38 of 40 people found the following review helpful
Well thought, poorly written 17 Aug 2006
By D. Rubino - Published on Amazon.com
Format:Hardcover
The quest for the limits of deduction is a well-precedented and exciting topic, and is worth of deep study. If this is your opinion, then this book is worth glancing at. Certainly Chaitin's unique approach to tackling the notion of incompleteness cuts to the core of the matter, and is free from the beautiful self-referential chains that bind the reader from a clear understanding of Godel's first and second incompleteness theorems.

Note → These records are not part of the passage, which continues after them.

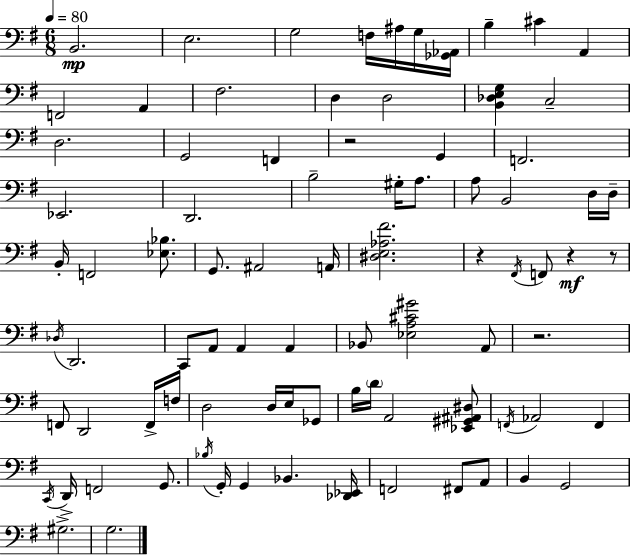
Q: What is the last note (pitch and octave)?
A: G3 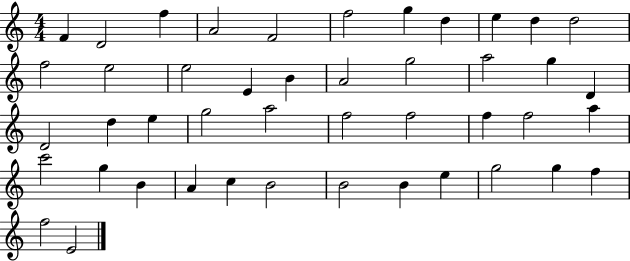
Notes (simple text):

F4/q D4/h F5/q A4/h F4/h F5/h G5/q D5/q E5/q D5/q D5/h F5/h E5/h E5/h E4/q B4/q A4/h G5/h A5/h G5/q D4/q D4/h D5/q E5/q G5/h A5/h F5/h F5/h F5/q F5/h A5/q C6/h G5/q B4/q A4/q C5/q B4/h B4/h B4/q E5/q G5/h G5/q F5/q F5/h E4/h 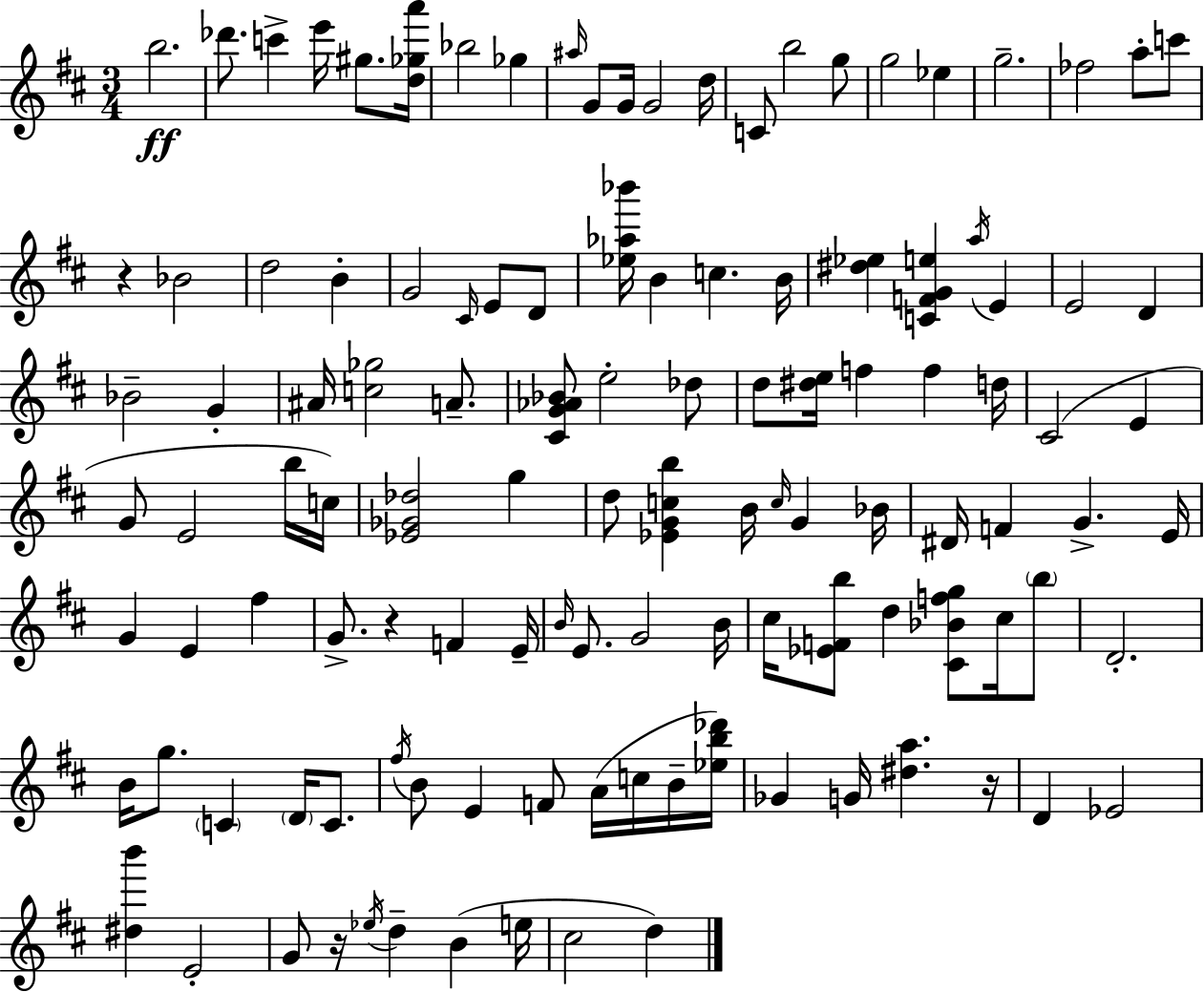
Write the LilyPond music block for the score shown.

{
  \clef treble
  \numericTimeSignature
  \time 3/4
  \key d \major
  b''2.\ff | des'''8. c'''4-> e'''16 gis''8. <d'' ges'' a'''>16 | bes''2 ges''4 | \grace { ais''16 } g'8 g'16 g'2 | \break d''16 c'8 b''2 g''8 | g''2 ees''4 | g''2.-- | fes''2 a''8-. c'''8 | \break r4 bes'2 | d''2 b'4-. | g'2 \grace { cis'16 } e'8 | d'8 <ees'' aes'' bes'''>16 b'4 c''4. | \break b'16 <dis'' ees''>4 <c' f' g' e''>4 \acciaccatura { a''16 } e'4 | e'2 d'4 | bes'2-- g'4-. | ais'16 <c'' ges''>2 | \break a'8.-- <cis' g' aes' bes'>8 e''2-. | des''8 d''8 <dis'' e''>16 f''4 f''4 | d''16 cis'2( e'4 | g'8 e'2 | \break b''16 c''16) <ees' ges' des''>2 g''4 | d''8 <ees' g' c'' b''>4 b'16 \grace { c''16 } g'4 | bes'16 dis'16 f'4 g'4.-> | e'16 g'4 e'4 | \break fis''4 g'8.-> r4 f'4 | e'16-- \grace { b'16 } e'8. g'2 | b'16 cis''16 <ees' f' b''>8 d''4 | <cis' bes' f'' g''>8 cis''16 \parenthesize b''8 d'2.-. | \break b'16 g''8. \parenthesize c'4 | \parenthesize d'16 c'8. \acciaccatura { fis''16 } b'8 e'4 | f'8 a'16( c''16 b'16-- <ees'' b'' des'''>16) ges'4 g'16 <dis'' a''>4. | r16 d'4 ees'2 | \break <dis'' b'''>4 e'2-. | g'8 r16 \acciaccatura { ees''16 } d''4-- | b'4( e''16 cis''2 | d''4) \bar "|."
} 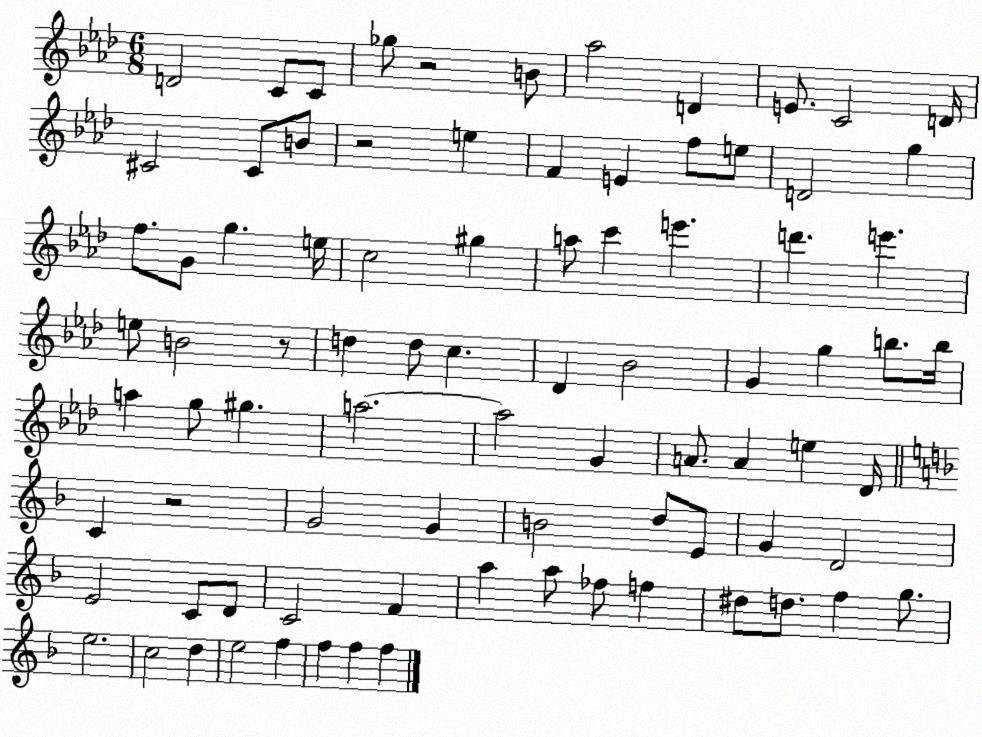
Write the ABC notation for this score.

X:1
T:Untitled
M:6/8
L:1/4
K:Ab
D2 C/2 C/2 _g/2 z2 B/2 _a2 D E/2 C2 D/4 ^C2 ^C/2 B/2 z2 e F E f/2 e/2 D2 g f/2 G/2 g e/4 c2 ^g a/2 c' e' d' e' e/2 B2 z/2 d d/2 c _D _B2 G g b/2 b/4 a g/2 ^g a2 a2 G A/2 A e _D/4 C z2 G2 G B2 d/2 E/2 G D2 E2 C/2 D/2 C2 F a a/2 _f/2 f ^d/2 d/2 f g/2 e2 c2 d e2 f f f f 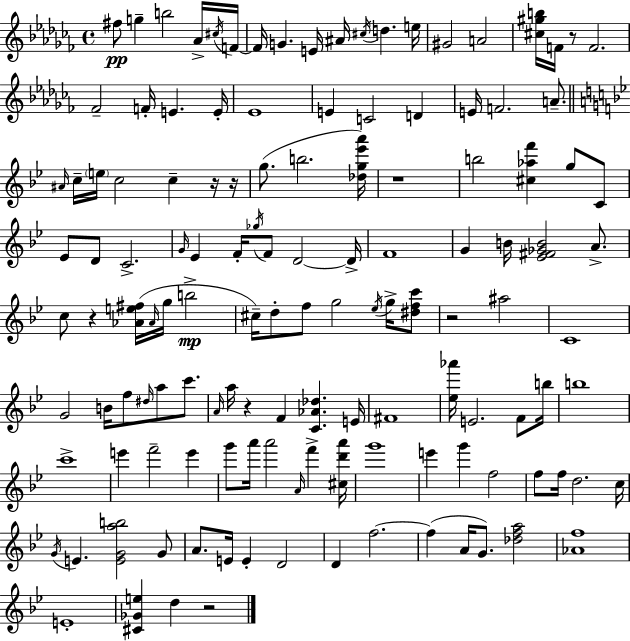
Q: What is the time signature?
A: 4/4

Even so, Chaitin's opinions of science, his iconic worship of Leibniz (and consequent condemnation of Newton), his accusative implication that Godel's contributions to deductive logic are overblown and confusing, make this book difficult to read. On the one hand, Chaitin appears to be a haughty mathematician reaching to mask his low self esteem. He constantly references his 'teenage' work, and the technical reading that he was able to accomplish at the age of 12. These comments are ostentatiously interweaved into a forest of exclamation points, and the thesis that he alone understood and extrapollated on Leibniz's understanding of algorithmic complexity. I believe that this book is very much about an author desperately trying to establish his legacy as a great mathematician, and not just a simple read about the limits of knowledge. If you can stomach pages of writing from a self-aggrandizing braggart (establishing himself as Leibniz's natural successor in the understanding of information), and have a deep need to understand the notion of incompleteness in a new and innovative light, then I recommend this book only to you.